These are all clues that can help you find what my old team called your super-power.
What Does a Super-Power Look Like?
Your super-power might be something that people are used to thinking about – you are amazing at playing the piano, or speaking in public, or throwing a ball. But it might be something much less obvious. There are many, many different kinds of things that people excel at. While our society celebrates remarkable skill in athletics or performance, I love to look for and to be inspired by unusual intellectual achievements.
For example, I’ve known some truly amazing programmers. I was one of the best coders around when I was an undergrad .. and then I met these people, who just utterly crush me in their ability to construct large systems at seemingly super-human speed. I worked with one of them who could hold tens of thousands of lines of code in his mind; he could see instantly how to create some new feature or modify the design in a fundamental way. I could work through the system and build up the knowledge in my head to get to the same goal, but he had the whole system on tap and immediately saw the solution. No amount of practice on my part would ever leave me able to match him at that particular skill. It was his super-power.
Richard Feynman was a brilliant Nobel Prize winning physicist who wrote a set of highly entertaining stories about his life. One of my favorite anecdotes was about his use of visual metaphor to grasp deeply complex abstract ideas. He would use this to test new topology theorems:
For instance, the mathematicians would come in with a terrific theorem, and they’re all excited. As they’re telling me the conditions of the theorem, I construct something which fits all the conditions … the balls turn colors, grow hairs, or whatever in my head as they put more conditions on. Finally they state the theorem, which is some dumb thing about the ball which isn’t true for my hairy green ball thing, so I say, “False!”

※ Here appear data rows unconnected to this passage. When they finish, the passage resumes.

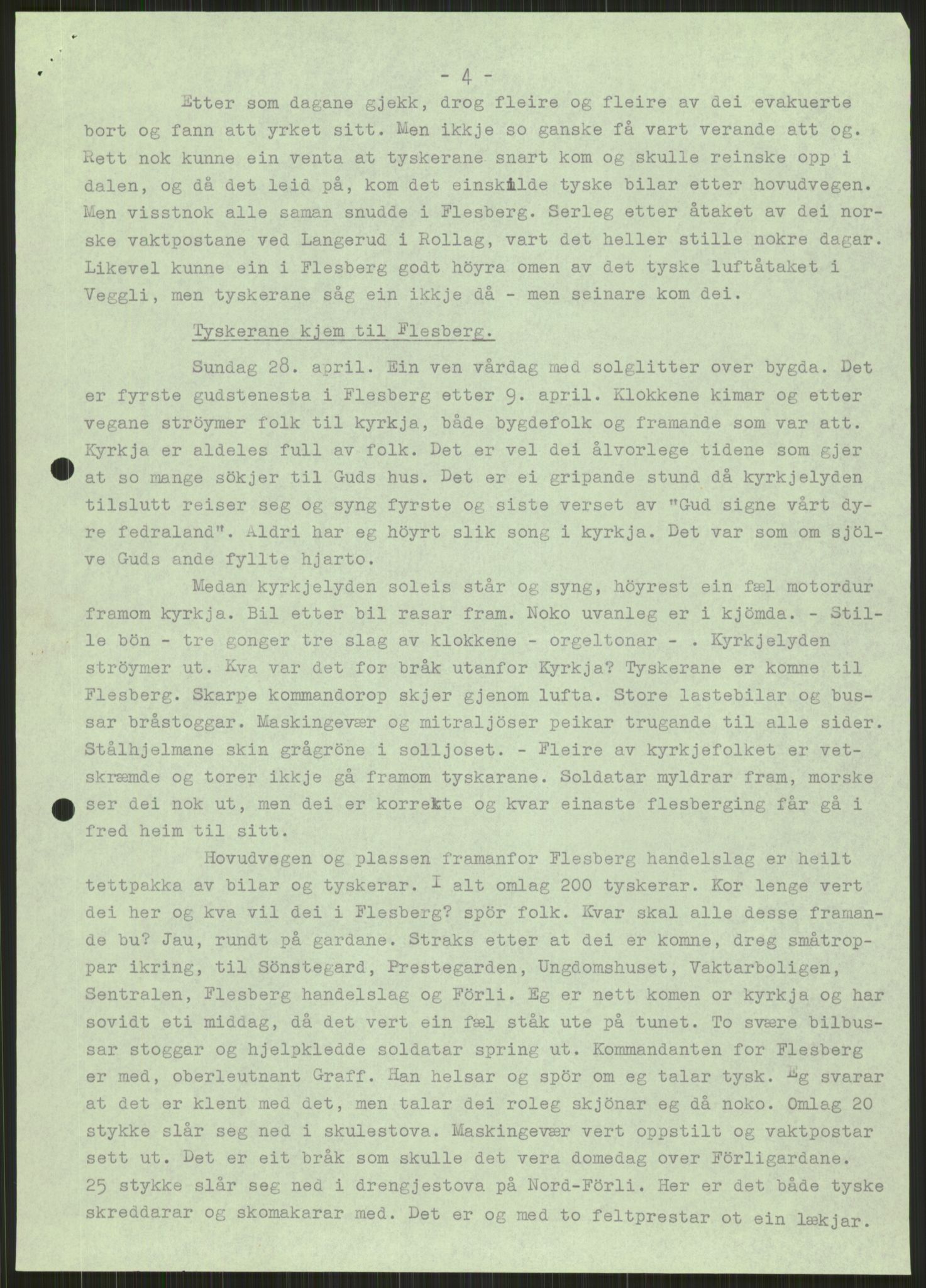 Forsvaret, Forsvarets krigshistoriske avdeling, AV/RA-RAFA-2017/Y/Ya/L0014: II-C-11-31 - Fylkesmenn.  Rapporter om krigsbegivenhetene 1940., 1940, p. 316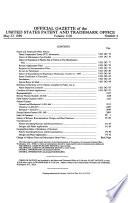 Official Gazette of the United States Patent and Trademark Office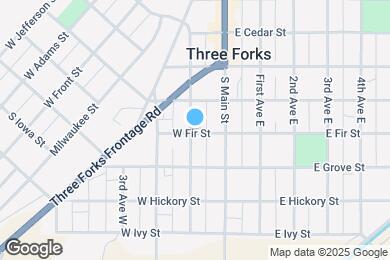 Map image of the property - 419 1st Ave W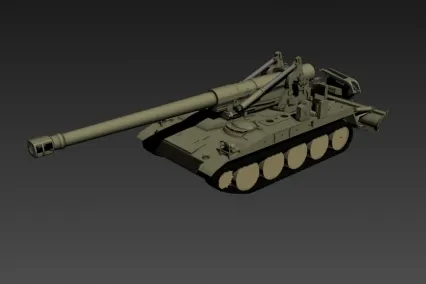 巨榴炮 CG模型免费下载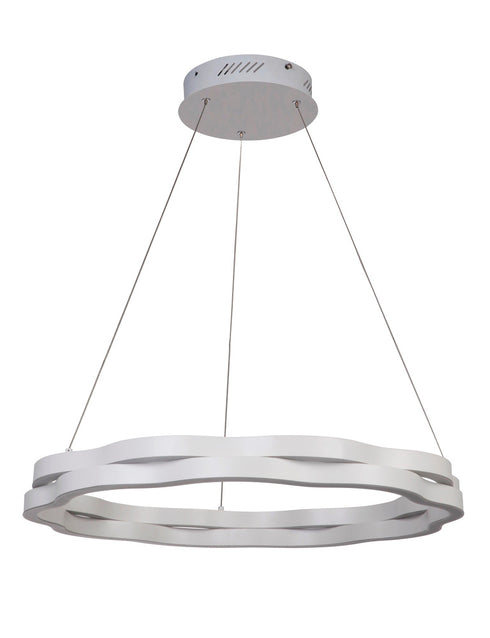 Craftmade Nimbelo 1 Light Large LED Pendant in White Finish Model: 47790-W-LED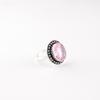 Genuine Morganite Gemstone 925 Sterling Silver Jewelry Handmade Anniversary Ring RR-62-10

He was famous for creating visualizations of abstruse ideas that would let you use intuition rather than mathematical formulas. Other physicists would be laboriously building up their mental models using mathematics and other abstractions and he could leap to insights that they could never have gotten without hours or days of contemplation. Now that’s a cool super-power. But it isn’t one that most people would think of as a “skill”.
I hope these examples encourage you to look beyond the obvious and find the skills where you really stand out.
Investing in Your Super-Power
Even if you are naturally great at something, you have to hone it. Michael Jordan was legendary for ruthlessly pushing himself to practice and prepare harder than anyone else. If he had settled for a pickup game or two every week, he’d never have become the incredible player that he was. Louis Pasteur said “Let me tell you the secret that has led me to my goals: my strength lies solely in my tenacity.” There are many, many similar quotes from people who have accomplished great things. It is consistent with recent scientific studies, popularized by people like Malcolm Gladwell and Geoff Colvin, that magic happens when a talented person uses deliberate practice to develop a skill for 10,000 hours.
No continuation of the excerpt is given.